You can edit on a Thunderbolt Display if you like, Just don't expect me to hire you. The thunderbolt display is just a brainless iMac, and it's a consumer grade product. I use one for a spreadsheet on occasion, and it seems up to the task.

If you work primarily with print, no. For digital media, they're pretty alright.

Please define "Boldness" as a color attribute.

Vividness of colors. How bright your reds, greens, blues, and various mixes of the three are. If you're working on a photo in AdobeRGB color space, and you look at it on a monitor that can't run that extra 30% of the gamut, your bright colors will look more muted in comparison. Your shots will look terrible. But if you edit in sRGB in Photoshop/Lightroom, it's going to look great on any monitor or TV you view it on (unless it's a really terrible monitor). That's because AdobeRGB images don't convert down well.

As for education, thanks for a link to a simplistic, out of date, consumer approach to color management.
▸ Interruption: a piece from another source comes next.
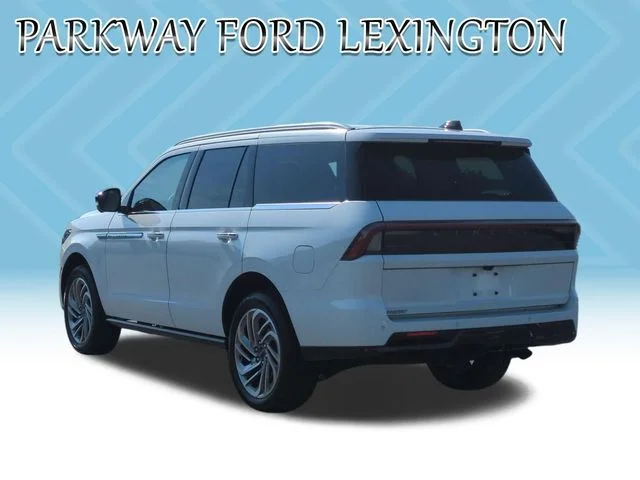 Used 2025 White Lincoln Reserve image 3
I've provided three links that say the exact same thing, and all you're doing is playing the "well, I'm a professional and you don't know what you're talking about" card. If you want more, I can throw them your way. Everyone single one of them is going to say the exact same thing: AdobeRGB for print, sRGB for digital media.

Since I've been so gracious to provide evidence backing up my claim, why don't you do the same, and provide me a link explaining how I'm wrong?

If you consider that educational, then by all means feel free to spend the $99 on the iPad Lightroom and convert RAWs to your heart's content, although these days, an iPad won't hold all that many RAW files.

A 128GB iPad could hold a decent amount. Keep in mind I'm not saying it's the perfect place to do it, just that it has the potential to be capable of it.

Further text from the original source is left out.